Access to quality content is a top concern for services like Netflix. Traditional television networks and content providers have waged their own licensing wars and the fighting has spilled into Internet subscription television. In 2011, Netflix paid $3.9 billion for streaming rights, a move that forced it to increase its subscription cost. Still, the service claims 25 million subscribers. These subscribers and streaming rights are what any company would be analyzing for a takeover.
Whoever has content is king, and to that end, Hulu — owned by a consortium of companies including Disney (NYSE:DIS) and Fox Broadcasting (NASDAQ:NWS)(NASDAQ:NWSA) — has struck a deal with CBS Corporation (NYSE:CBS) for access to over 2,600 episodes.
The deal gives Hulu subscribers access to classics like “Star Trek” and “The Twilight Zone,” as well as shows like “CSI: Miami.”
In a press release, Scott Koondel, senior VP of Corporate Licensing at CBS, said that the deal “marks another agreement that meets the growing demand for our content on new platforms while establishing other incremental ways to get paid for our library.”
One of the turn-offs involved with Netflix is the cost it pays to maintain its library and the apparently highly-complicated relationship it has with providers. Netflix has arguably been sacrificing smart content acquisition for aggressively expanding its subscriber base overseas, where its current library seems good enough for now.

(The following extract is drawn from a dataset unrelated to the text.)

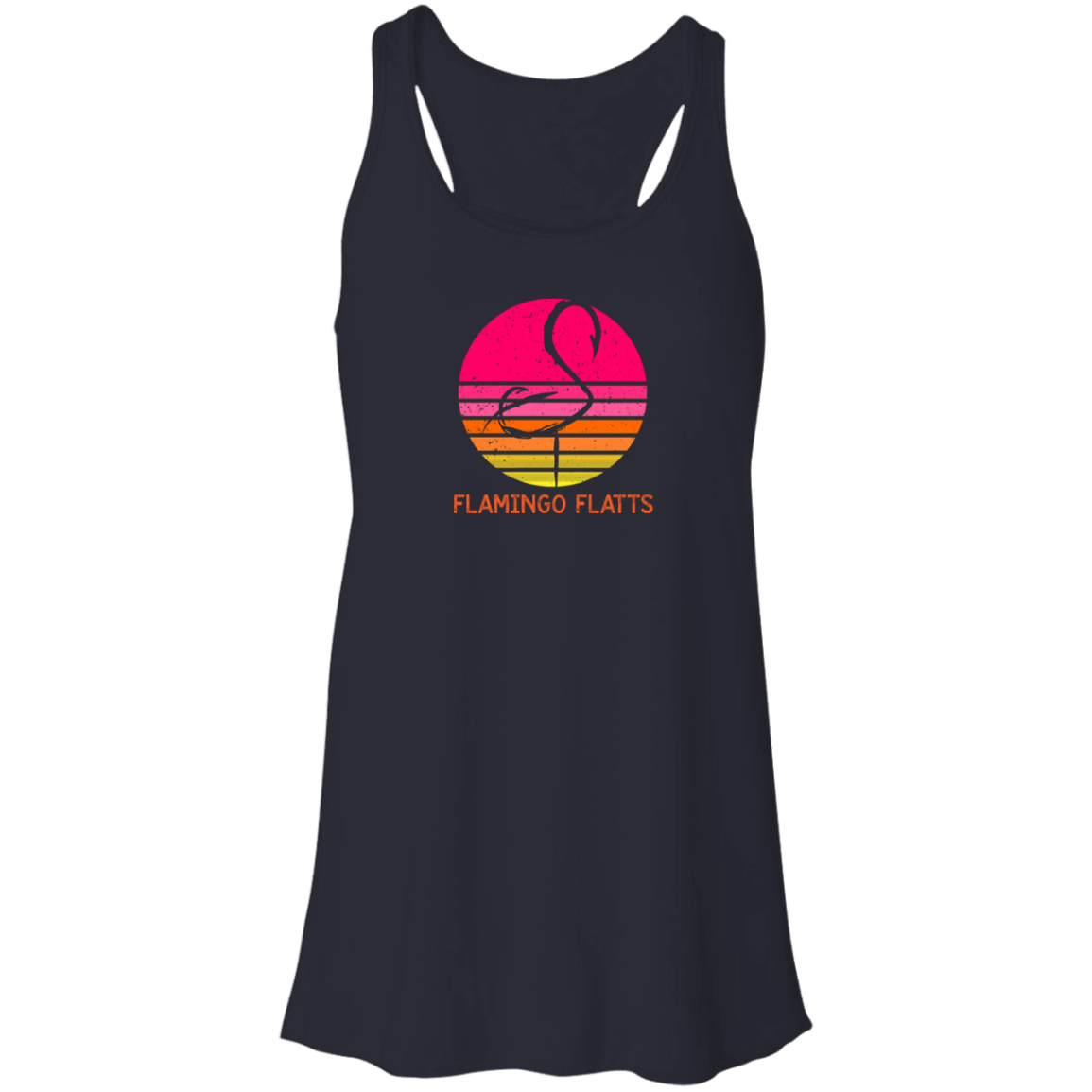 B8800 Flamingo Flatts Retro Sunset Flowy Racerback Tank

While Hulu is ostensibly focused on providing current television shows to viewers, it has been steadily building out its library. Access to classic CBS programming is another drop in this bucket and another reason for would-be Netflix subscribers to shop around. There’s something to be said for the value of a company actually being the provision of a service instead of its potential to be acquired.
Other options include Verizon (NYSE:VZ) and Coinstar’s (NASDAQ:CSTR) Redbox kiosk and digital streaming endeavor. A subscription service called “Redbox Instant” would offer customers access to both Redbox kiosks and streaming content. The service is expected by the end of the year and has already signed up studios such as Warner Brothers.